Last Sunday I made arrangements to have coffee then train with my elder disciple brother, Levi. He teaches Practical Method at The University of Iowa’s Chinese Martial Arts Club. We decided to train during his regularly scheduled class time as it provided a good space to practice. A new student arrived wanting to check out the class. Introductions were made. He was a visiting professor originally from China. After some discussion the gentleman disclosed he studied Hong Style Taijiquan for 7 years. Levi and I exclaimed that is the lineage we practice under our Shifu, Master Chen Zhonghua. He stated he studied under a disciple of GM Hong Junsheng and one of his grand-disciples, both Levi and I not having any knowledge of this Master.
Levi started the class with positive circles; the new student said “oh, cloud hands”. As I was doing my circles, he said I was doing it wrong because I wasn’t moving my waist. He started demonstrating how he did circles and, to be candid, I thought “what are you talking about, my inattentive adolescent students adhere to the principle better” as his hand went out, his torso and shoulders grossly tossed. Levi was quick to respond, explaining why we “don’t move”, only to fall upon deaf ears. He immediately went into a physical explanation that left the new student on the floor. He said, as he stood up, we were doing different styles of taiji as he, and we were “too hard”. Levi exclaimed, “no, it is the same lineage of taiji!” As Levi demonstrated the principles; it became clear he wasn’t here to learn, it was a challenge.
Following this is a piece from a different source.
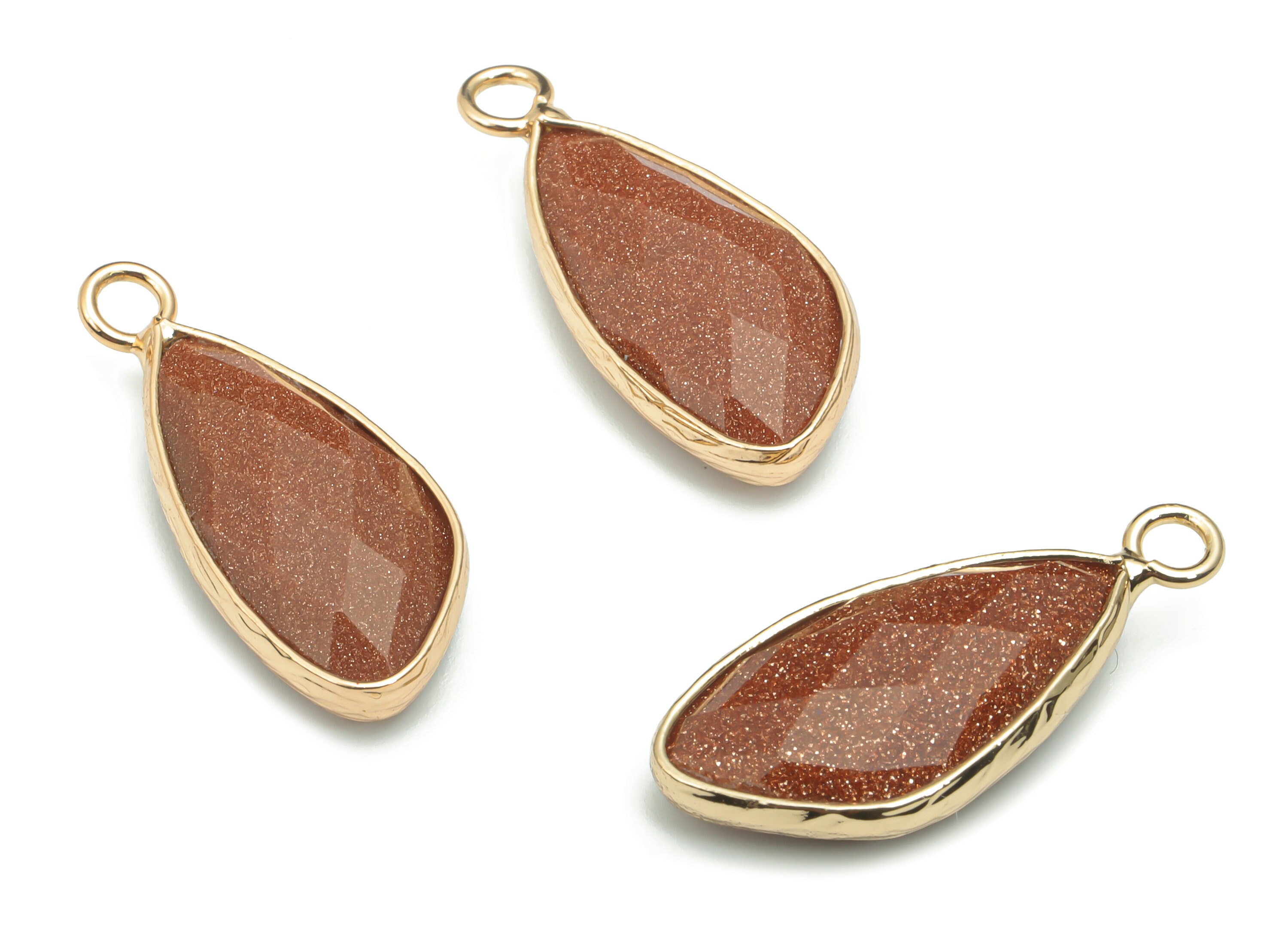 Goldstone Faceted Natural Stone Charms - Brass Geometry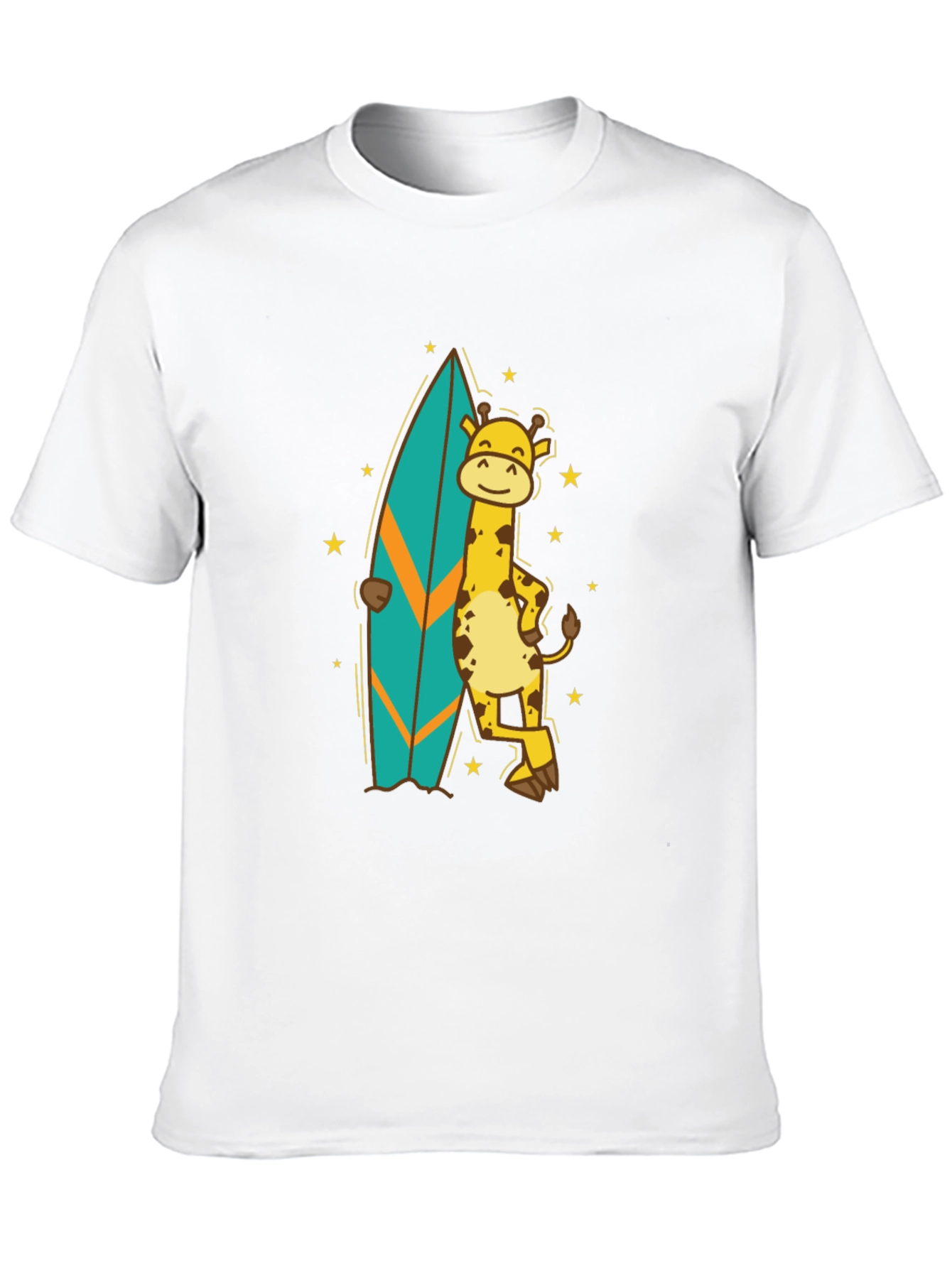 Surfing Giraffe T-Shirt - Black Cotton Tee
Levi let the principles of Practical Method do the talking by pushing hands with him. The challenger was “put on the chopping block” between Levi’s leg andleaving him on the ground several times. The last time the challenger was tossed to the floor, with force, he submitted, expressing he “had enough”. Levi said, “I am willing to be your teacher, but if you are not willing to learn, leave now…I mean go!” He went and stood in the corner, watching our practice…towards the end he came back to join us, with a more subtle attitude, willing to learn or at least follow instructions.
Later on we learned the said master, whose teachings the challenger followed, had his discipleship from Grand Master Hong revoked. It became clear to Levi and me that he wasn’t taught the principles that are inherit to Grand Master Hong’s teachings, and transmitted to Master Chen. It also became clear, though Levi caught on much sooner than I; the new student did not arrive with an open mind to learn, but rather, a hidden agenda to prove himself superior, whether or not a conscious decision. It was an eye opening experience about the subtleties of challenges that can take place in a variety of situations.